On s’attendrait classiquement à trouver un poème, une fable de La Fontaine pour décrire les courtisans. Cependant, je n’ai pas trouvé mieux que ce sonnet de Du Bellay comme définition en poésie de ceux qui n’ont comme position que de suivre un haut personnage et de lui paraître agréable.
Du Bellay, dégouté par son séjour à Rome lors duquel il suivait son oncle, composa un recueil de sonnets, Les Regrets paru en 1558. Cet humaniste pensait trouver dans la cité éternelle les merveilles de l’Antiquité, le souffle de l’art, la passion de la beauté et de la vérité. Or, il déchante en comprenant que tout est hypocrisie. Il en vient à regretter son départ de sa région angevine natale.
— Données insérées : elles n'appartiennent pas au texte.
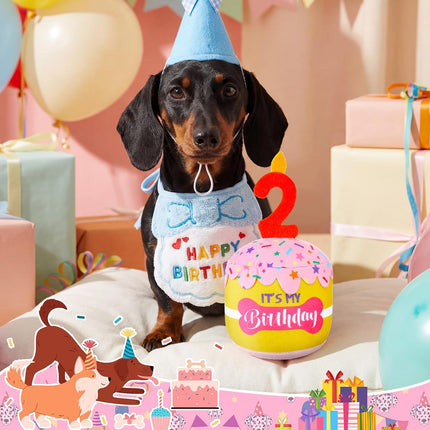 Dog Birthday Cake Toy Squeaky Plush Gift,2Nd,Pink and Yellow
La vision des machinations à Rome, de l’hypocrisie des hommes de pouvoir et de ceux qui les suivent lui inspire horreur et dégoût. Dans cette réflexion, il en vient à penser à tous les courtisans de toutes les cours, et à les détester. Le sonnet ci-dessous le montre.
Avec une verve plus argumentative et didactique que poétique, il explique, il définit le courtisan. Pour lui, il ne possède que deux caractéristiques essentielles: l’obsession de copier son maître, et celle de lui complaire. En découle une perte de personnalité totale, et une hypocrisie complète. C’est finalement la définition d’un être sans liberté. Voici le sonnet:
Seigneur, je ne saurais regarder d’un bon œil. (sonnet 150)
Seigneur, je ne saurais regarder d’un bon œil
Ces vieux singes de cour, qui ne savent rien faire,
Sinon en leur marcher les princes contrefaire,
Et se vêtir, comme eux, d’un pompeux appareil.
Si leur maître se moque, ils feront le pareil,
S’il ment, ce ne sont eux qui diront du contraire,
Plutôt auront-ils vu, afin de lui complaire,
La lune en plein midi, à minuit le soleil.
Si quelqu’un devant eux reçoit un bon visage,
Ils le vont caresser, bien qu’ils crèvent de rage
S’il le reçoit mauvais, ils le montrent au doigt.
Mais ce qui plus contre eux quelquefois me dépite,
C’est quand devant le roi, d’un visage hypocrite,
Ils se prennent à rire, et ne savent pourquoi.
Joachim Du Bellay, Les Regrets, 1558.